Exercise prompt: If a line below falls between the line with "Plan climat : les" and the line with "maison à vendre", or is one of those two, output it exactly; output nothing else and no pictures.

*** Supplied data Section Begins ***

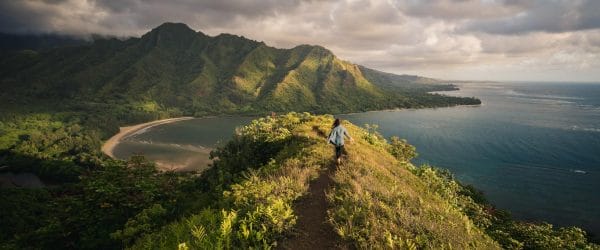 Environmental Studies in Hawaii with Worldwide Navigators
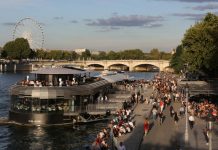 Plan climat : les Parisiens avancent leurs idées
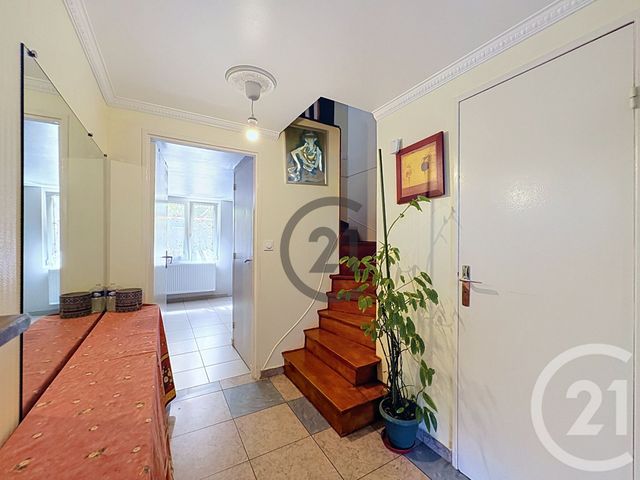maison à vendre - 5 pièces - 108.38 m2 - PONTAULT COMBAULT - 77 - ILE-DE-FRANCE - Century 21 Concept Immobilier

*** Supplied data Section Ends ***
*** Supplied data Section Begins ***

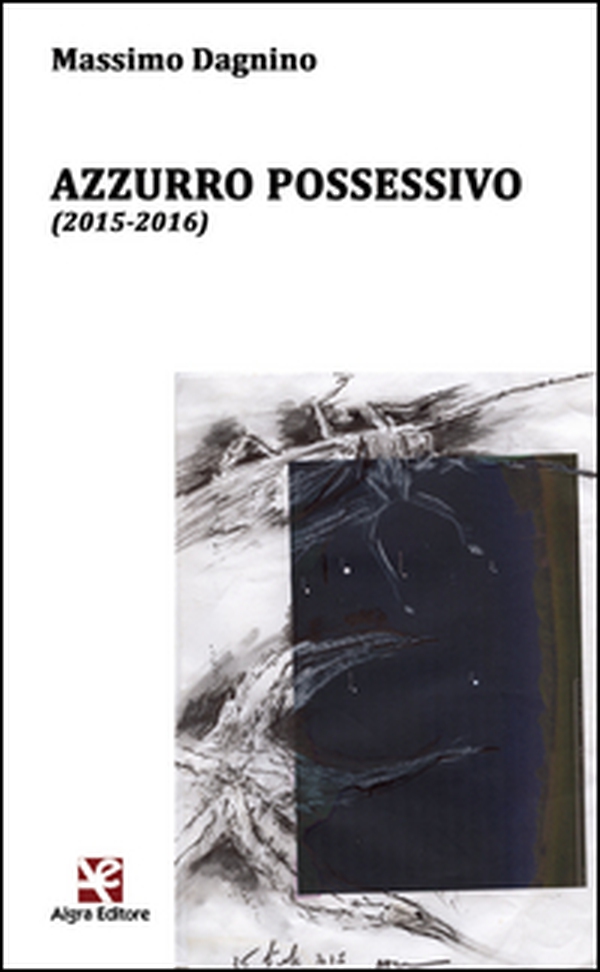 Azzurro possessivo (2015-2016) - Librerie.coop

*** Supplied data Section Ends ***
*** Supplied data Section Begins ***

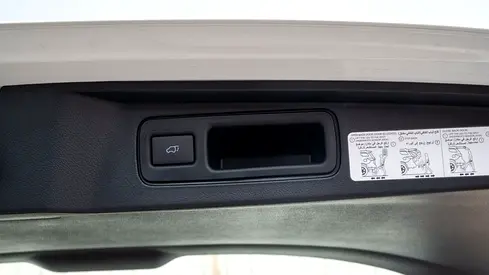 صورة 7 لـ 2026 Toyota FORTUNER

*** Supplied data Section Ends ***

Exercise result:
 Plan climat : les Parisiens avancent leurs idées
maison à vendre - 5 pièces - 108.38 m2 - PONTAULT COMBAULT - 77 - ILE-DE-FRANCE - Century 21 Concept Immobilier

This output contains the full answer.